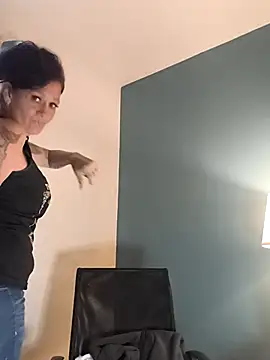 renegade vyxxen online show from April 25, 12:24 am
--
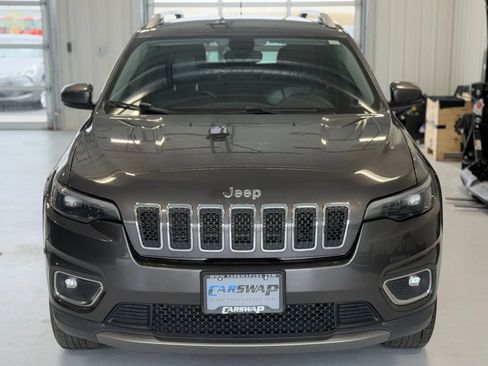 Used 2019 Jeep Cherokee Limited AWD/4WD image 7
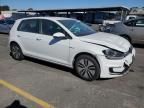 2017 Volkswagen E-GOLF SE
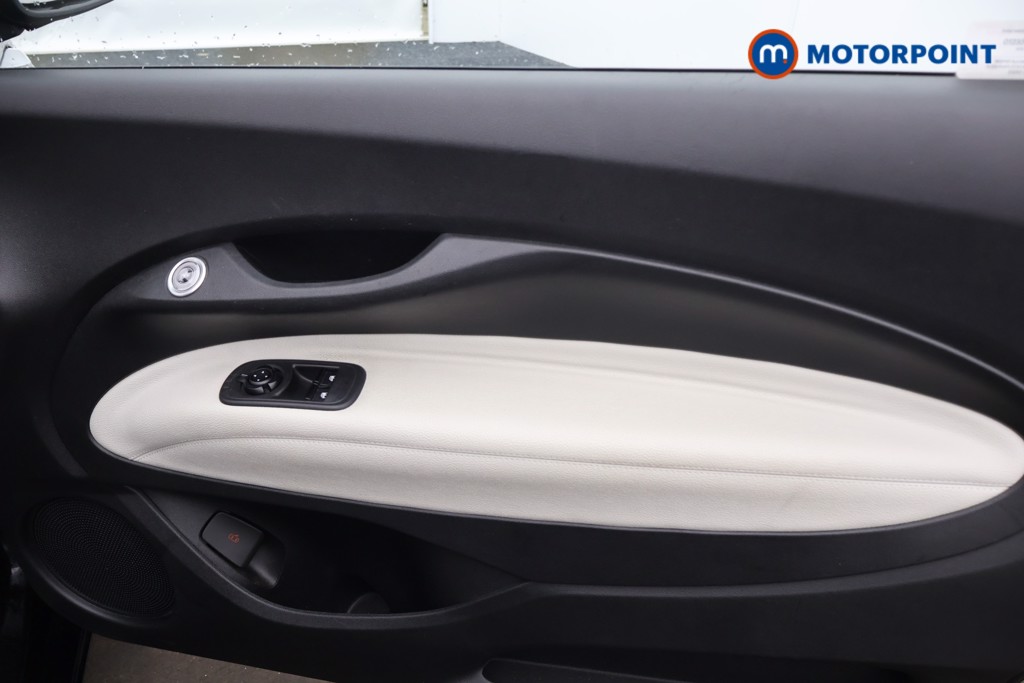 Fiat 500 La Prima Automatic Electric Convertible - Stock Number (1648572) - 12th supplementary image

WORK TASK:
Repeat only the stretch of data above that runs from the line with "2017 Volkswagen E-GOLF SE" to the line with "Fiat 500 La". Keep both end lines; exclude pictures.

YOUR SOLUTION:
 2017 Volkswagen E-GOLF SE
 Fiat 500 La Prima Automatic Electric Convertible - Stock Number (1648572) - 12th supplementary image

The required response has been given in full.